I have a Synology NAS for personal use that it is not accessible outside my local home network.
Is there any value in replacing the stock self-signed certificate?
I already have a custom domain with a pfSense firewall that is already using ACME for Let’s Encrypt certs, so I don’t think I can forward port 80 to the Synology, not that I want to anyways.
Would it be worth setting up the Synology DDNS to replace that stock self-signed cert?

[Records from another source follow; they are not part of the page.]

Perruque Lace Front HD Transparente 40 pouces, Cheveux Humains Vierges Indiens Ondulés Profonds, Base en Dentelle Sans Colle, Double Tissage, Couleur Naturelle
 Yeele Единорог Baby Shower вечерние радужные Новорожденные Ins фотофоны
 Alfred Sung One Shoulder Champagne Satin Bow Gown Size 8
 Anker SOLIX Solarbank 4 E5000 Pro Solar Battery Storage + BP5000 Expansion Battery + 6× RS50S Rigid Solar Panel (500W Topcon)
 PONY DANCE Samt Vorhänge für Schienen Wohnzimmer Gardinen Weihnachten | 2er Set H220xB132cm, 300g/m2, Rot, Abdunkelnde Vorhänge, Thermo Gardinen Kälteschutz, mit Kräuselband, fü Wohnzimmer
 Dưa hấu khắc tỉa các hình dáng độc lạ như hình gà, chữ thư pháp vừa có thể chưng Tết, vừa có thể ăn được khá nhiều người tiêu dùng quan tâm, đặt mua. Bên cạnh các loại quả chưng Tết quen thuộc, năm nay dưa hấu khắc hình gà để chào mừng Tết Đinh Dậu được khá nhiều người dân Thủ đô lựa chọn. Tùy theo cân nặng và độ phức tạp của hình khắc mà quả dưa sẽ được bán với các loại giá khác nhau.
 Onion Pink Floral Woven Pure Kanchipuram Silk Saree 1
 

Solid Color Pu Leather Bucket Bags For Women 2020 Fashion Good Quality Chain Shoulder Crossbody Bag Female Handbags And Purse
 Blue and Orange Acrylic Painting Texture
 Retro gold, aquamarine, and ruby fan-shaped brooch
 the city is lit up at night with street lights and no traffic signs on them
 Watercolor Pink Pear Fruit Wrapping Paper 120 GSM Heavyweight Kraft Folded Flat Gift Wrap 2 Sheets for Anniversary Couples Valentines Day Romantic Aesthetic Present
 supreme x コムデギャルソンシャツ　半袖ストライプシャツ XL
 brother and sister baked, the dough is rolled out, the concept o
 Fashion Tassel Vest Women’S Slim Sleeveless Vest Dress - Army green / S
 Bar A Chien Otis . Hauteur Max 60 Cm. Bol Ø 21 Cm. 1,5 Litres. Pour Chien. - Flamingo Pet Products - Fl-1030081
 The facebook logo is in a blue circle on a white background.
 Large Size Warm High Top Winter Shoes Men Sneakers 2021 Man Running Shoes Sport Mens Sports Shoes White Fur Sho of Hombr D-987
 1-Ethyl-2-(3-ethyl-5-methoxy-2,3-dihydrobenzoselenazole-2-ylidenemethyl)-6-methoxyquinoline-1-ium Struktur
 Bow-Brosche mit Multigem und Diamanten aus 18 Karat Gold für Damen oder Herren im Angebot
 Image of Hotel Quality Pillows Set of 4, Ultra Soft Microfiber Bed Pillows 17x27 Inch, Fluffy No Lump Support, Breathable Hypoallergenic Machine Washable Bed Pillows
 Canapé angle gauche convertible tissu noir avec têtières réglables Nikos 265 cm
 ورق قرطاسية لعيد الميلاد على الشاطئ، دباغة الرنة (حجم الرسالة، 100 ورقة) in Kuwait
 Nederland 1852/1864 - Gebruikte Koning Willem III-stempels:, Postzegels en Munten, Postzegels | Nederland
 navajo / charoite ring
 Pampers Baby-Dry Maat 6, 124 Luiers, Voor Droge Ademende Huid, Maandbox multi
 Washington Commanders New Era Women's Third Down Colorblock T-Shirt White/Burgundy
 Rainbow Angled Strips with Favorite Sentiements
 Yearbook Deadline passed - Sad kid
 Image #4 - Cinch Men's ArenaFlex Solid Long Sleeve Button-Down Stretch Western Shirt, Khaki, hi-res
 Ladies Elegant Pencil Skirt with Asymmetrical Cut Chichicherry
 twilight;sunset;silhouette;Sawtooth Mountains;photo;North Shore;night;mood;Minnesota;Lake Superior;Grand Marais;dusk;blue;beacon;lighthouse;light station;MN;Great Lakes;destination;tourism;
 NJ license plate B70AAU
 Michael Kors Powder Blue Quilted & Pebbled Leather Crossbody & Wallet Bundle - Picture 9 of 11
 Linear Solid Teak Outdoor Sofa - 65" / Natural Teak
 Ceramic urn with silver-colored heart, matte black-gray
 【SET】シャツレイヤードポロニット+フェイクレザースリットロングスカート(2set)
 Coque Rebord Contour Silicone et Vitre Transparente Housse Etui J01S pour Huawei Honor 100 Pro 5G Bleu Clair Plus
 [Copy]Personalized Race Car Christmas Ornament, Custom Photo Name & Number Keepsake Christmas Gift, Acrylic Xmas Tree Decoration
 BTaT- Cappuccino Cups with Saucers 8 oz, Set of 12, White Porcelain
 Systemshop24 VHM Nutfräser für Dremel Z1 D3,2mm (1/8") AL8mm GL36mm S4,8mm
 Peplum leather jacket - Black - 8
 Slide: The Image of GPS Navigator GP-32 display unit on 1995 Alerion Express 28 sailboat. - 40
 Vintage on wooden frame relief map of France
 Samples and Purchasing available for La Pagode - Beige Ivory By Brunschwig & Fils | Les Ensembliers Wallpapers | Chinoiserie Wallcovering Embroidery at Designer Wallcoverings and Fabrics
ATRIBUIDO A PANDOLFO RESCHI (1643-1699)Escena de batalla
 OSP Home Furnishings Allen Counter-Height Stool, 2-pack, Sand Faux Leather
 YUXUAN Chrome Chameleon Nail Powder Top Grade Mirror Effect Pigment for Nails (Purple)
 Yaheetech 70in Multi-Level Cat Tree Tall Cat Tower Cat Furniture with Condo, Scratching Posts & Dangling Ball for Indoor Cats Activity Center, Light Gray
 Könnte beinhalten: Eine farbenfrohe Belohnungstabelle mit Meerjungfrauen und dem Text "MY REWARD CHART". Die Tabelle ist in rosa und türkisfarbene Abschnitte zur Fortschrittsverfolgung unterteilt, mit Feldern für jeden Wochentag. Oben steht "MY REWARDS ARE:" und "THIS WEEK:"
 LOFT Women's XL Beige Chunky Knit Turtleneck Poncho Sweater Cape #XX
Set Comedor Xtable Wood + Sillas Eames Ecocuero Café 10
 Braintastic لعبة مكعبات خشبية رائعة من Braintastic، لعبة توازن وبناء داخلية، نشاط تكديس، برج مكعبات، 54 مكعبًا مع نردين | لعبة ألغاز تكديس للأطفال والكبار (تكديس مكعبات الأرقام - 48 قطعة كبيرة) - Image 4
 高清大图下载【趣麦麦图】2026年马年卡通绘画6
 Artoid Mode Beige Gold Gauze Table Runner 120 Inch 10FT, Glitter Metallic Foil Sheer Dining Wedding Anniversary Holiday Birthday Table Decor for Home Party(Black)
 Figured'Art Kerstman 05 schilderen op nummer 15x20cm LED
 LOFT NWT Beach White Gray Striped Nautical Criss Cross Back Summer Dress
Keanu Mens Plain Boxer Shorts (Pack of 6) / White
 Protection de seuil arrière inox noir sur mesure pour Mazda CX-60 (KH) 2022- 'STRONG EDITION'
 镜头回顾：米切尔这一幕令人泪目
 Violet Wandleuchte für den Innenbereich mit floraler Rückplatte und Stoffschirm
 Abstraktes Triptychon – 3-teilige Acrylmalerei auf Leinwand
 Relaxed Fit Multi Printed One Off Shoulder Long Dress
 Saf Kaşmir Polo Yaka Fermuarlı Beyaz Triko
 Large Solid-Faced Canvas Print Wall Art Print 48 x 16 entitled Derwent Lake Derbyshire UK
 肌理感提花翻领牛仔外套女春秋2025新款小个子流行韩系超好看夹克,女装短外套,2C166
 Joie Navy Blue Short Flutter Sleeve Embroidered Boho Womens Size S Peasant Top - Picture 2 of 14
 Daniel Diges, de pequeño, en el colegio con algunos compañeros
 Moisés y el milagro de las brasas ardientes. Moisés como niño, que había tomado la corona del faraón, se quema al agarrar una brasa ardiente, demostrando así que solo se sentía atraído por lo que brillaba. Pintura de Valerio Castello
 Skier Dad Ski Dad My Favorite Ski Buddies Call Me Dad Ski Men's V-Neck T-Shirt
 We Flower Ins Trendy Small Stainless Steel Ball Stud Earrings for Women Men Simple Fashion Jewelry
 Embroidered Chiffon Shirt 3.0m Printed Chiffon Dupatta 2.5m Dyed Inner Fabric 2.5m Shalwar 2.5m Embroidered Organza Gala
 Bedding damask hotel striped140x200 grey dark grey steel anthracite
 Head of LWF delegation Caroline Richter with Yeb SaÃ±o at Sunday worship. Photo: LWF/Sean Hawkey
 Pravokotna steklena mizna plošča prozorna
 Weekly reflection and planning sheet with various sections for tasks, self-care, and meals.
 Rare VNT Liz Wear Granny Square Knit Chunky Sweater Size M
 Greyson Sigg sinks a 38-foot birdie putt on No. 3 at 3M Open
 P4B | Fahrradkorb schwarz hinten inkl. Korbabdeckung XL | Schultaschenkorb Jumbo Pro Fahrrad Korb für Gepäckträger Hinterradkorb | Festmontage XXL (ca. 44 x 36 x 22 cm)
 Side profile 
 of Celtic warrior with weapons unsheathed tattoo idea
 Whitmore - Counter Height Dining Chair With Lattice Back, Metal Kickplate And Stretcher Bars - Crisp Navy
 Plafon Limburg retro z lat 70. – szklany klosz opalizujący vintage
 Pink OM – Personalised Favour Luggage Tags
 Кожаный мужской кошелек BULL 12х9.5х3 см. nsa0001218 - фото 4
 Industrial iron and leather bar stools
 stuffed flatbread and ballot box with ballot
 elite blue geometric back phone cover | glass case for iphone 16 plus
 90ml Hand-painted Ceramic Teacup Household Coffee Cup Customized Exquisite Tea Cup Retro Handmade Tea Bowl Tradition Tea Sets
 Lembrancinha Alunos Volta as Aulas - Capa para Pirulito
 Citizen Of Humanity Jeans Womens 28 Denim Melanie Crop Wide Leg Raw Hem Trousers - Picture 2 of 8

I am not sure if it is worth it or not, TBH, but I did it. I have let’s encrypt certs on every piece of hardware in my home lab and on all the VMs/dockers. I don’t expose my Synology publicly other than using using their apps on my phone. The other way I use my Synology is with Tailscale. I pretty much can access my entire home lab from the road using Tailscale on my laptop. I feel like it was cheap insurance to put certs on everything. BTW, I didn’t have to use DDNS to get a cert. I used Cloudflare DNS challenge authentication. My home lab domain is on Cloudflare, but it is not publicly exposed. Its pretty easy once you figure it out the first time. It costs me $8.51 a year for my domain. Well worth it in my mind. I also use my pfSense as my primary DNS resolver, so all the stuff on my home lab domain is accessible by a FQDN instead of an IP address.